The Kepler Conjecture posits that no arrangement of equally sized spheres filling space has a greater average density than that of the face-centered cubic packing or hexagonal close packing, both of which have a density of approximately 74.048%. This conjecture, first proposed by Johannes Kepler in 1611, was proven by Thomas Hales in 1998 using a combination of traditional mathematical proof and computer verification, marking a significant milestone in the field of discrete geometry.
A face-centered cubic (FCC) lattice is a crystal structure where atoms are located at each corner and the center of each face of the cube, resulting in a highly efficient packing arrangement. This structure is prevalent in many metals, contributing to their ductility and high packing density, which is 74% of the volume occupied by atoms.
Lattice packing is a mathematical arrangement of non-overlapping spheres in a regular, repeating pattern within a given space, aiming to maximize the density of the spheres. It is a fundamental problem in discrete geometry and has applications in physics, materials science, and coding theory.
The Kissing Number Problem is a classic problem in geometry that seeks to determine the maximum number of non-overlapping unit spheres that can touch another unit sphere in n-dimensional space. The problem has been solved for dimensions 1, 2, 3, 4, 8, and 24, with the solution for three dimensions famously being 12, a result first proven by Isaac Newton and later rigorously confirmed in the 20th century.

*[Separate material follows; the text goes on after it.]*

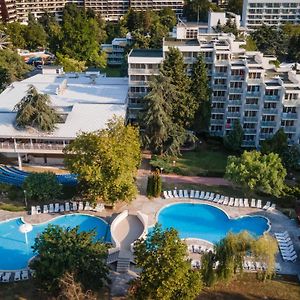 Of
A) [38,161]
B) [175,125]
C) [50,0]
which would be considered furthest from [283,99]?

A sphere is a perfectly symmetrical three-dimensional geometric object where every point on its surface is equidistant from its center, making it a fundamental shape in mathematics and physics. Spheres are prevalent in natural and artificial contexts, from celestial bodies to everyday objects, and their properties are crucial in fields such as geometry, calculus, and topology.
Geometric discrepancy measures the deviation of a point set from an ideal distribution in a geometric space, serving as a fundamental tool in numerical analysis, computational geometry, and quasi-Monte Carlo methods. It quantifies how uniformly or non-uniformly points are distributed, impacting the efficiency and accuracy of algorithms in these fields.
Space-filling geometry explores how shapes can completely cover a space without leaving any gaps or overlaps, significantly influencing fields such as crystallography and materials science. This concept is foundational to understanding both natural structures, like honeycombs, and engineered solutions, such as efficient packing and storage designs.